Show jumping is something I knew a great deal about when I was a little kid and devoured all available pony-club and show-jumping books (I was never allowed to have a pony on the farm, partly because my father had and still occasionally does have nightmares about being expected to lead his uncle Ross's prizewinning Clydesdales


around backwards when he was a very small child and has stayed well away from horses ever since).

Even my own adoration of these beautiful, powerful, graceful and intelligent animals took a bit of a beating in 1988 when one particularly unprepossessing specimen executed a tricky simultaneous gait-changing and direction-changing manoeuvre at a canter through a steep creek bed somewhere hilly north of Melbourne and dumped me on some rocks, but I'm still very sad there weren't any at the Show. The alpacas nearly made up for them, but not quite.


This little black alpaca was knackered.

Other animals I would have liked photos of: the gigantic bulls, peacefully lying in the straw with their hooves tucked under their chests like cats and the farmer's little kids climbing all over them. (Camera out of batteries by then.) The racing and diving pigs (didn't have enough energy left to wait, much less walk, around for another 20 minutes till the next race). The strange-looking people trotting their dogs around the dog-showing ring, straight out of Best in Show (batteries again).

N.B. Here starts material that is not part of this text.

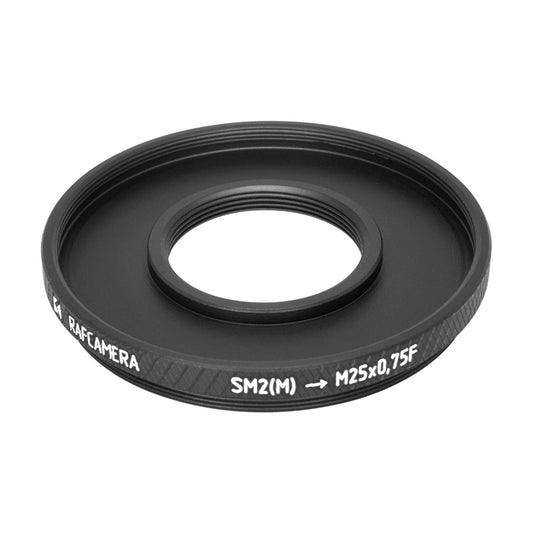SM2 male to M25x0.75 female thread adapter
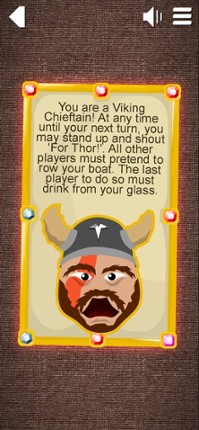 Seven Drinking Game screenshot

This was supposed to be a photo of the upside-down roaring tigers, but it seems to have turned into one of those pictures of festively primary colours that look like children's doona designs.



Again with the violent colours. I liked all this raffish sideshow dazzle and noise with the soft colours and contours and the stillness of the Adelaide Hills in the distance.



This hi-tech ferris wheel is definitely not the same one I remember breaking down in 1963 with me and my sisters and my Scottish grandma up at the very top of the ride.



Meanwhile, in the handcraft hall and bakery section, someone named Susan Rabbitt had won first prize for these fabulous-looking passionfruit and lemon butters.



Shrek wedding cake, considerably more tasteful than some of the wedding cakes I've seen.



Fascinators are back, if they ever went away.



Young Elyse (this is the Primary School division) definitely deserved this blue ribbon: these are the best Chocolate Crackles on display by a very long way. No icing, coloured sprinkles or cutesy printed paper patty case thingies, just lots of chocolate and no mucking about.

And the thing I'm saddest I didn't get a photo of? Legendary Adelaide broadcaster and columnist Peter Goers, whose OTT-quirky gift for radio I have never heard equalled, striding along the path to the ABC tent clutching a gigantic Dagwood Dog dripping in sauce.